**Exercise goal**
Set down each entry as it stands. Skip the pictures.

**Image-text web data**
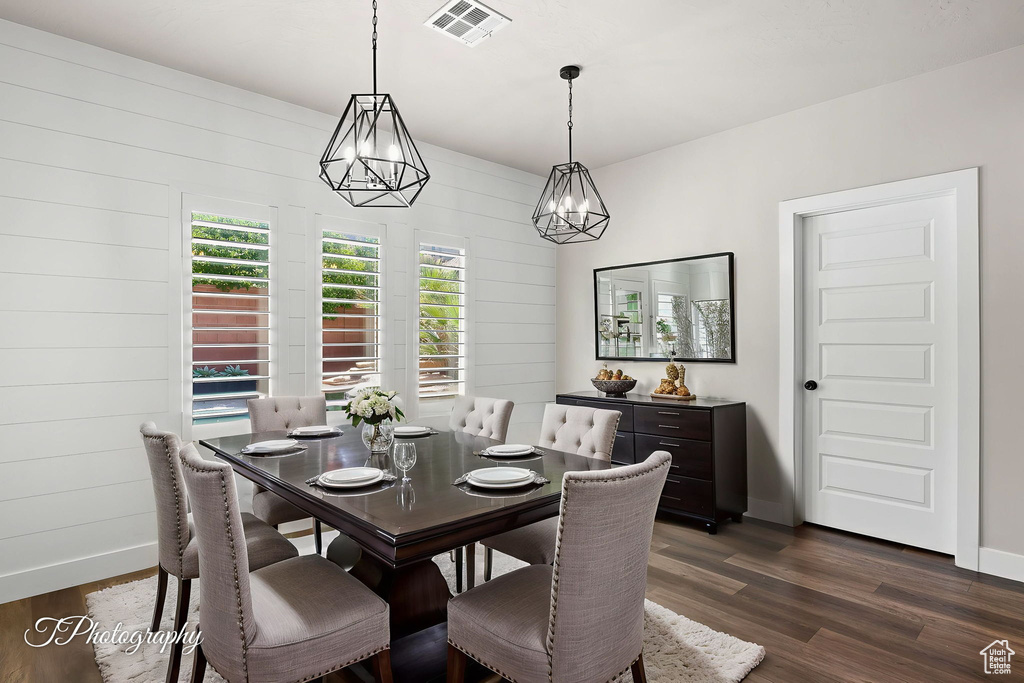 Dining area with dark wood finished floors, a chandelier, and baseboards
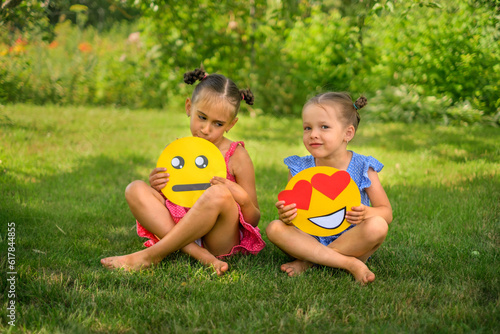One shy girl holds a sad tearful emoticon, the second a smile face with hearts instead of eyes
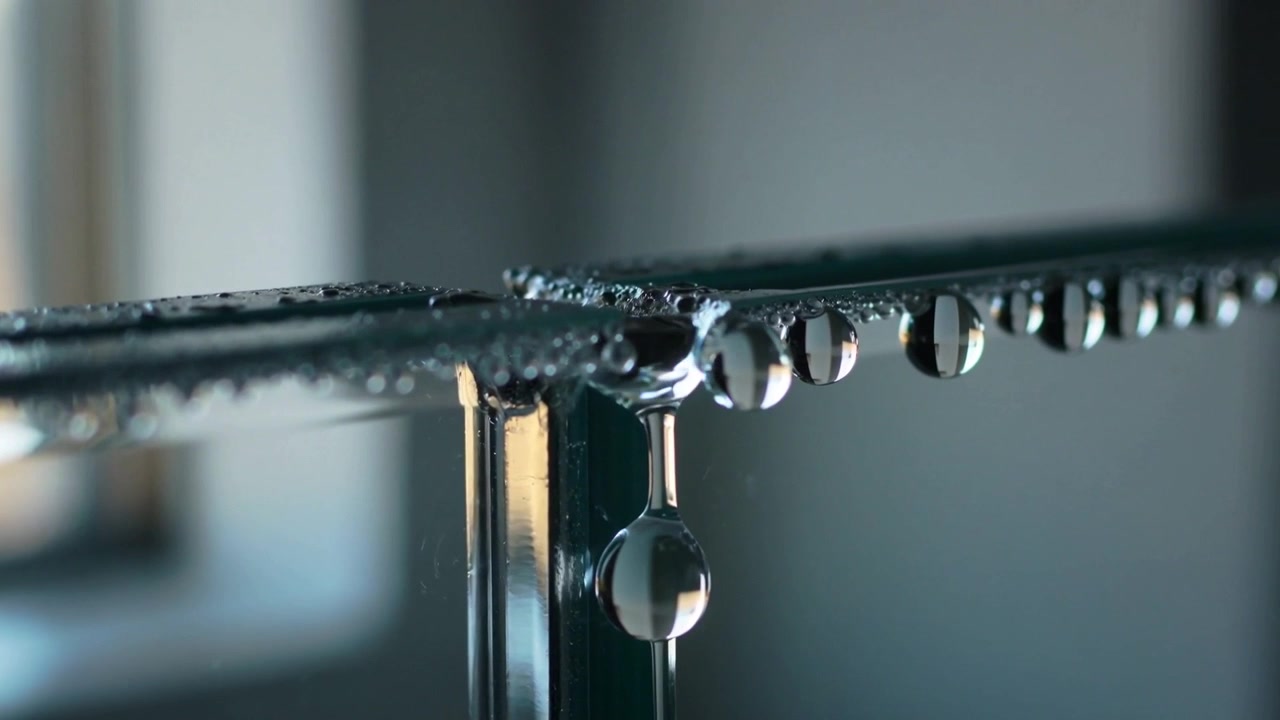 Growing pendant droplet at glass corner coalescing with adjacent beads and detaching under gravity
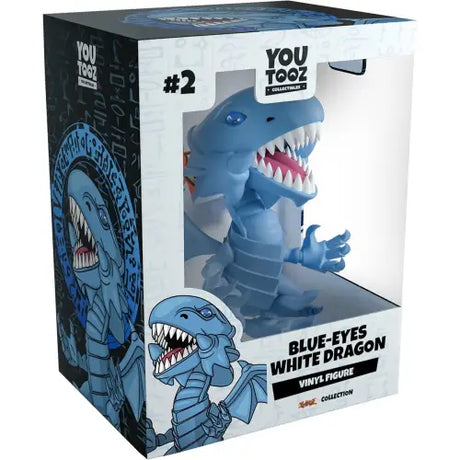 Blue cartoon figurine of the Blue-Eyes White Dragon in product packaging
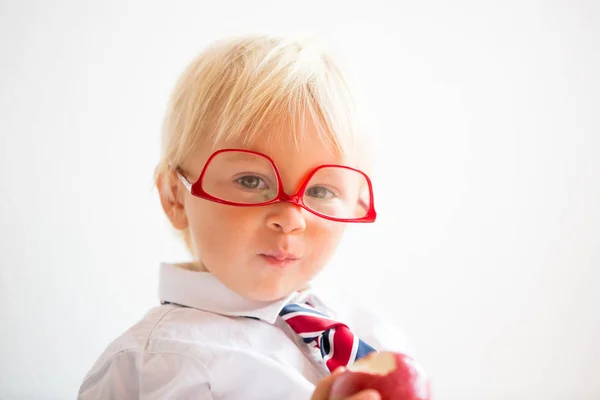 Niedliches Kind, mit Brille und Apfel essen, gekleidet für die erste da — Stockfoto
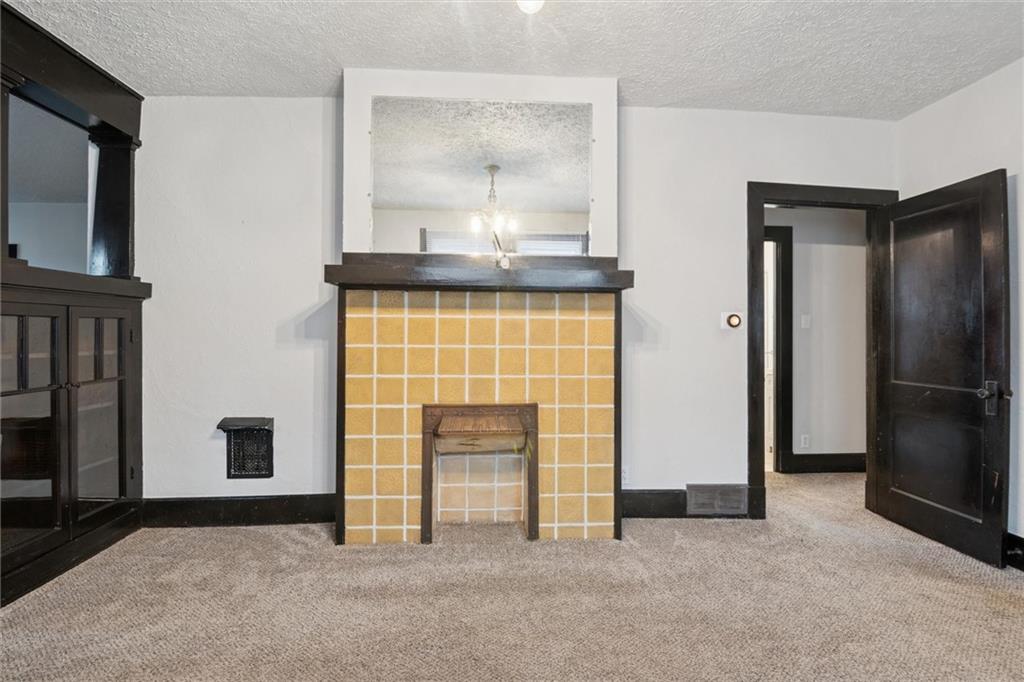 3518 Beechwood Boulevard Pittsburgh, PA 15217 - Photo 10 of 34 an empty room with fireplace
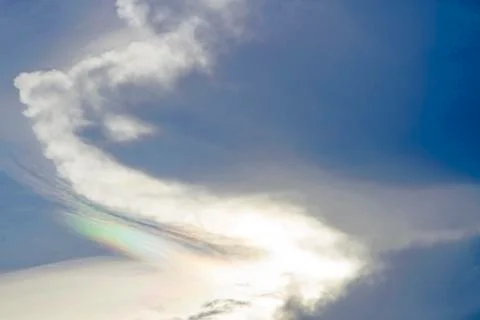 Rainbow on the sky and clouds in the evening Stock Photos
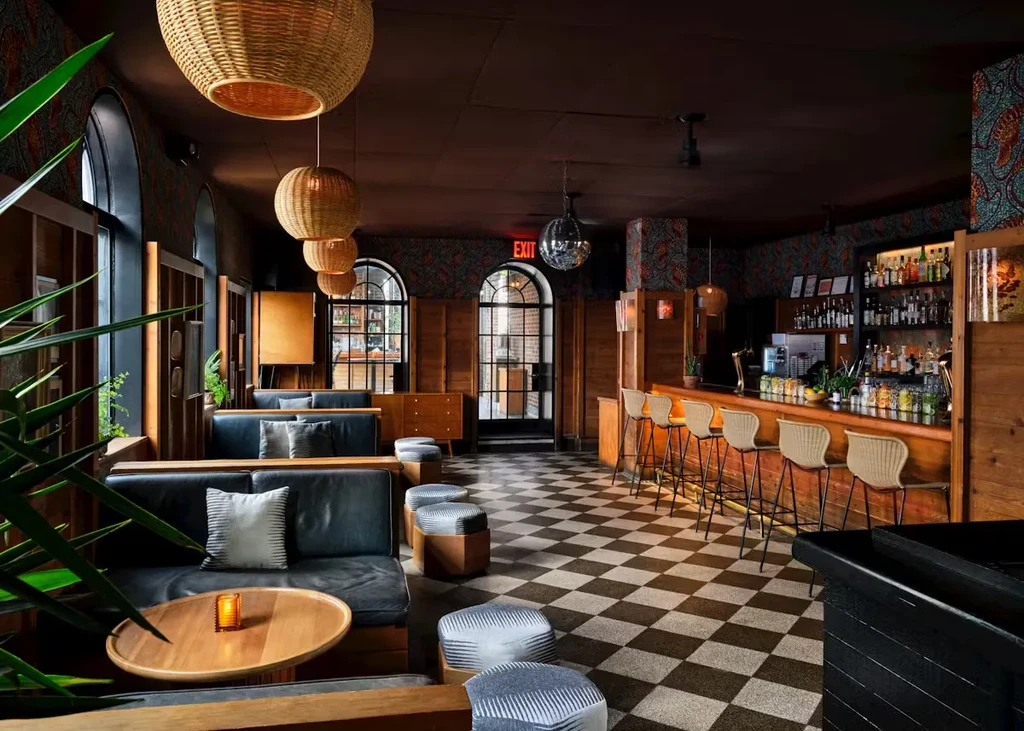 Stylish bar with leather seating, wooden bar, and checkerboard floor.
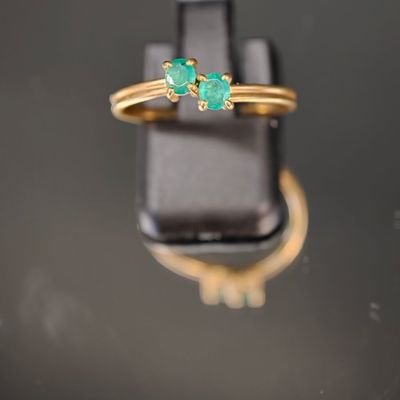 un gros plan d'une bague en or sertie de deux émeraudes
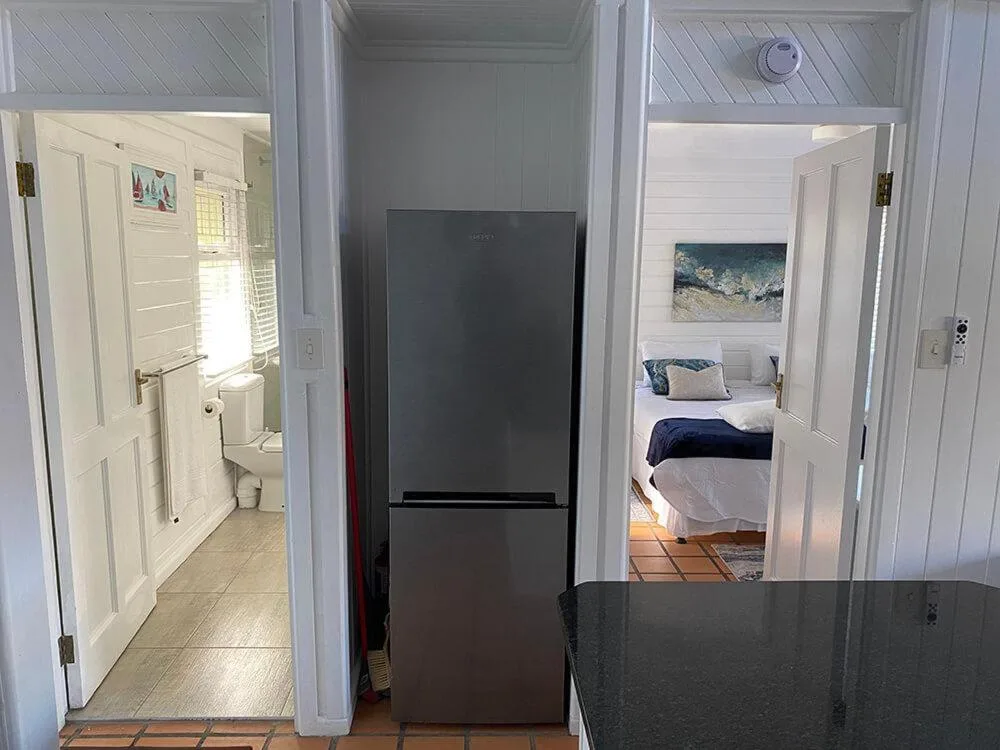 Modern kitchen hallway with black refrigerator and access to bathroom and bedroom
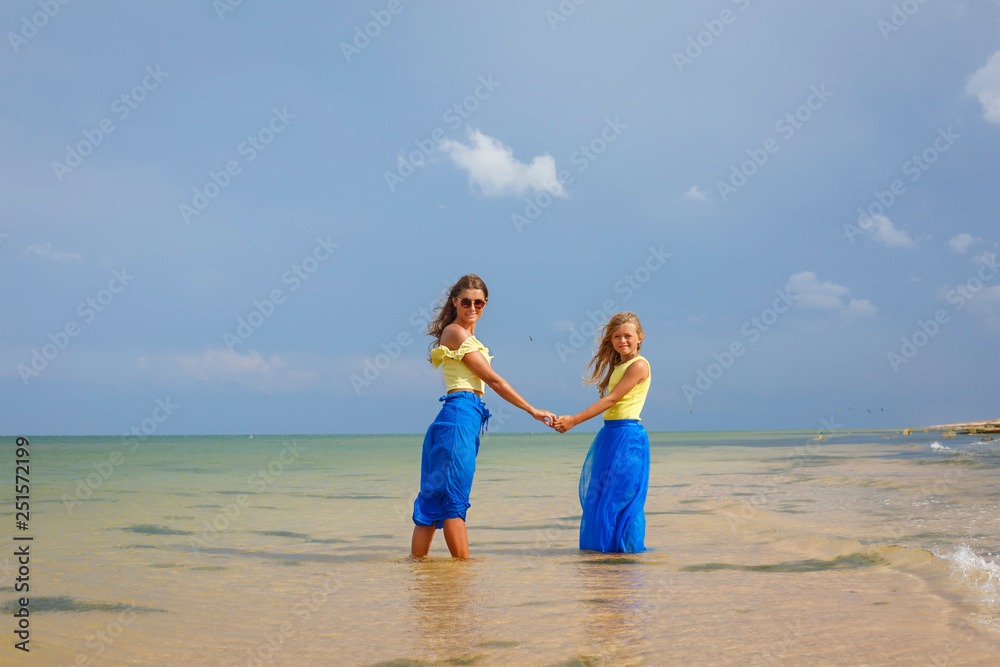 Pretty young mother and her cheerful daughter with long hair in blue skirt walking in ocean near the shore during their vacation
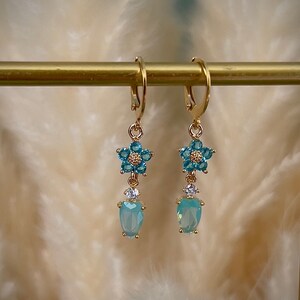 Puede incluir: Pendientes de aro dorados con un dise&ntilde;o de flor azul y una piedra azul claro en forma de l&aacute;grima.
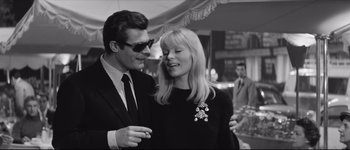 Movie still from “La Dolce Vita” (1960), directed by Federico Fellini – A man and a woman standing next to each other; Close Up shot, Low angle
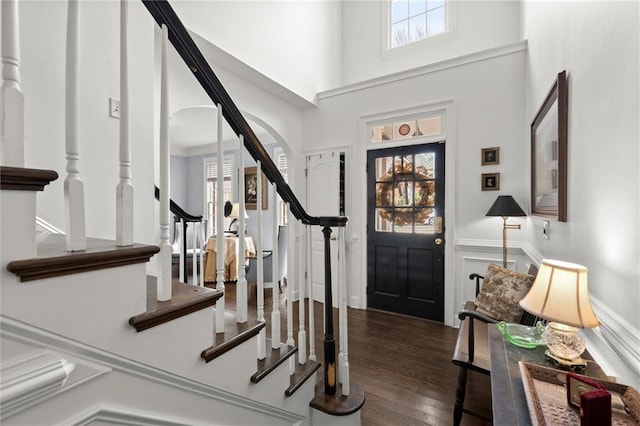 entrance foyer with arched walkways, wainscoting, wood finished floors, stairs, and a high ceiling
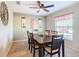 Dining room with dark wood table, six chairs, and window view at 1218 Coda Ct, Dundee, FL 33838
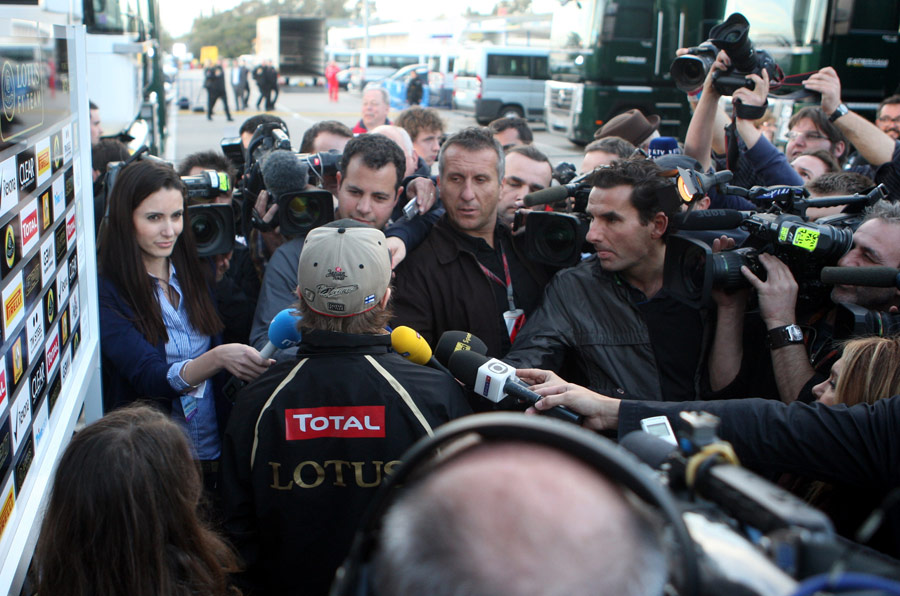 Kimi Raikkonen talks to the press after his first day back in an F1 car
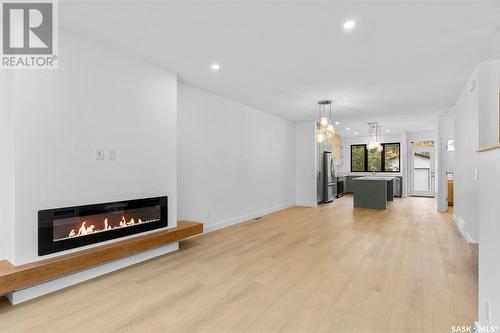 1109 9Th Street E, Saskatoon, SK - Indoor Photo Showing Living Room With Fireplace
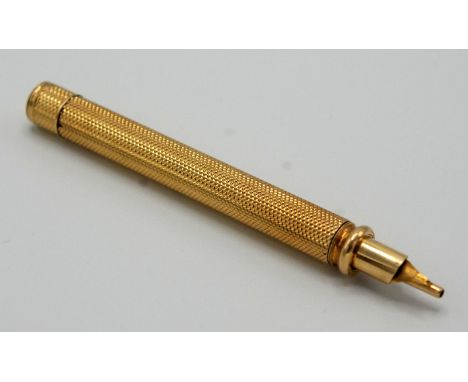A high purity gold, engine turned propelling pen/pencil by S. Mordan & Co. 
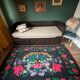 Romanian black wool carpet with a basket of colorful flowers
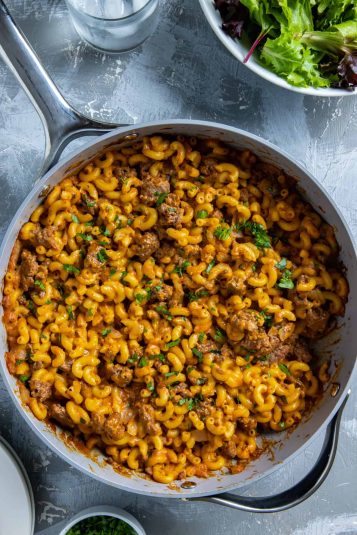 Cooked hamburger mac and cheese in skillet.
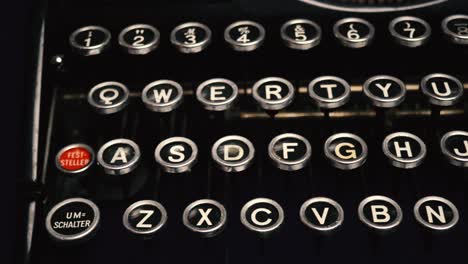 Close-up-tracking-shot-along-keys-of-old,-vintage-manual-German-typewriter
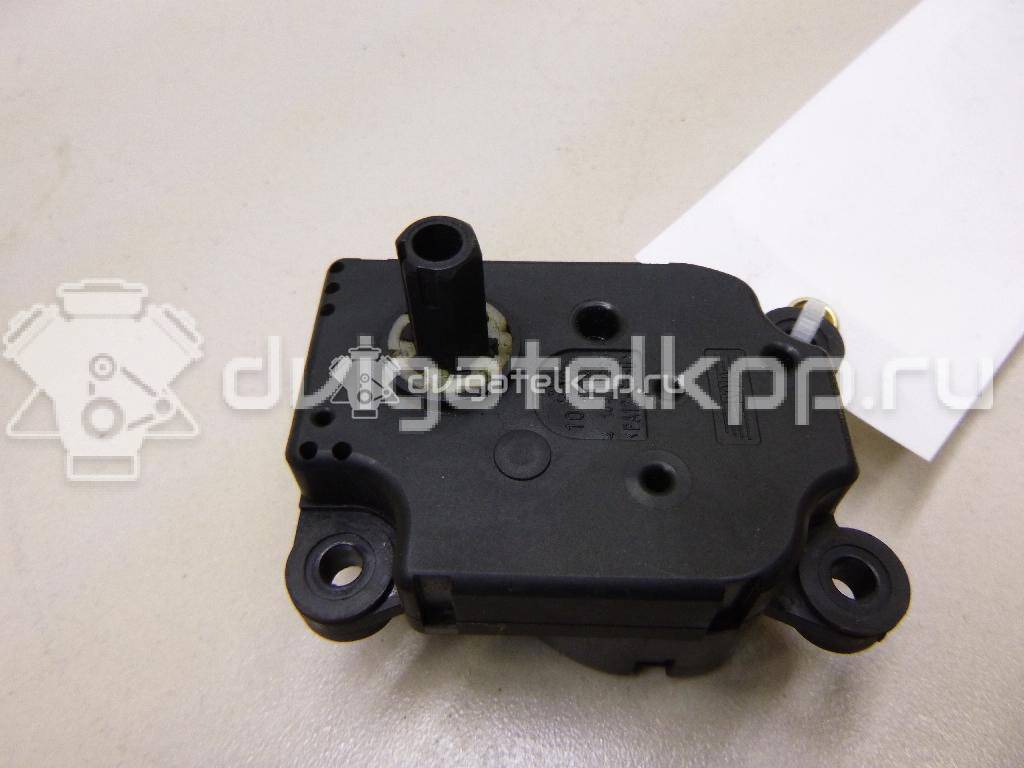 Фото Моторчик заслонки отопителя  1S7H19E616AA для Ford Focus / Mondeo {forloop.counter}}
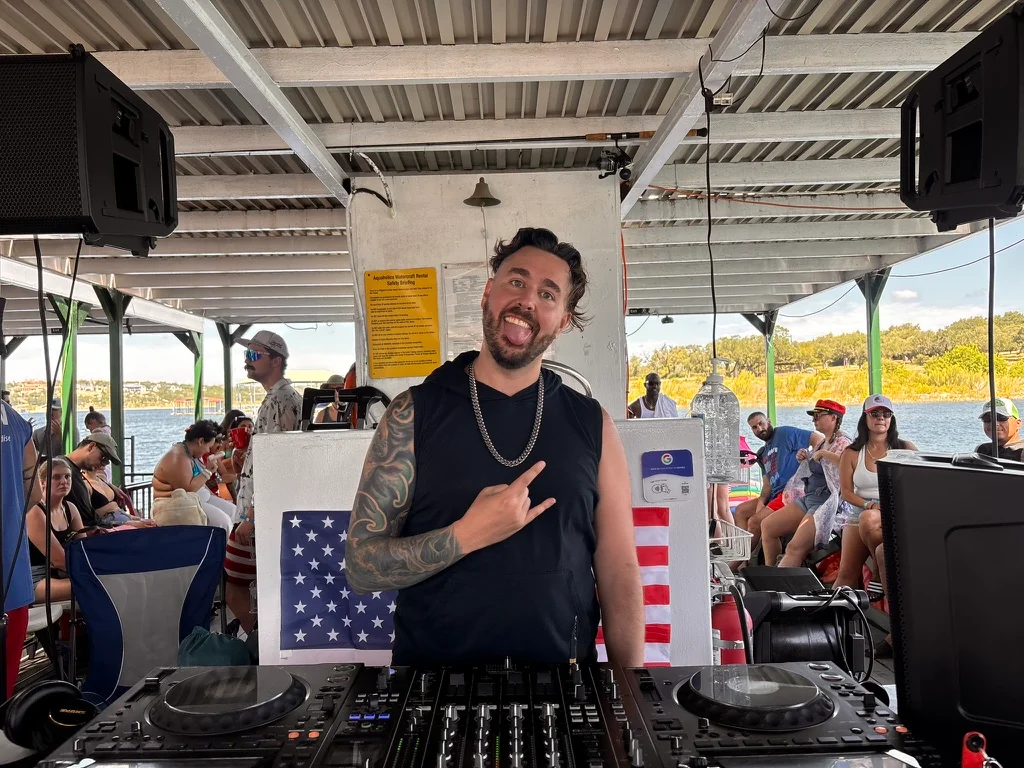 Artefex performing a DJ set on Town Lake in Austin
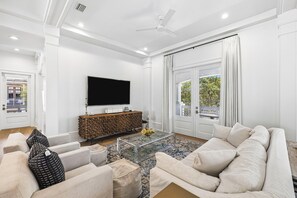 A modern living room with a flat-screen TV, a stone-patterned coffee table, and a beige sofa. - Porches | Gulf Views | Carriage House (Rosemary Beach)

**Response below**
 Dining area with dark wood finished floors, a chandelier, and baseboards
One shy girl holds a sad tearful emoticon, the second a smile face with hearts instead of eyes
 Growing pendant droplet at glass corner coalescing with adjacent beads and detaching under gravity
 Blue cartoon figurine of the Blue-Eyes White Dragon in product packaging
 Niedliches Kind, mit Brille und Apfel essen, gekleidet für die erste da — Stockfoto
 3518 Beechwood Boulevard Pittsburgh, PA 15217 - Photo 10 of 34 an empty room with fireplace
 Rainbow on the sky and clouds in the evening Stock Photos
 Stylish bar with leather seating, wooden bar, and checkerboard floor.
 un gros plan d'une bague en or sertie de deux émeraudes
 Modern kitchen hallway with black refrigerator and access to bathroom and bedroom
 Pretty young mother and her cheerful daughter with long hair in blue skirt walking in ocean near the shore during their vacation
 Puede incluir: Pendientes de aro dorados con un dise&ntilde;o de flor azul y una piedra azul claro en forma de l&aacute;grima.
 Movie still from “La Dolce Vita” (1960), directed by Federico Fellini – A man and a woman standing next to each other; Close Up shot, Low angle
 entrance foyer with arched walkways, wainscoting, wood finished floors, stairs, and a high ceiling
 Dining room with dark wood table, six chairs, and window view at 1218 Coda Ct, Dundee, FL 33838
 Kimi Raikkonen talks to the press after his first day back in an F1 car
 1109 9Th Street E, Saskatoon, SK - Indoor Photo Showing Living Room With Fireplace
A high purity gold, engine turned propelling pen/pencil by S. Mordan & Co. 
 Romanian black wool carpet with a basket of colorful flowers
 Cooked hamburger mac and cheese in skillet.
 Close-up-tracking-shot-along-keys-of-old,-vintage-manual-German-typewriter
 Фото Моторчик заслонки отопителя  1S7H19E616AA для Ford Focus / Mondeo {forloop.counter}}
 Artefex performing a DJ set on Town Lake in Austin
 A modern living room with a flat-screen TV, a stone-patterned coffee table, and a beige sofa. - Porches | Gulf Views | Carriage House (Rosemary Beach)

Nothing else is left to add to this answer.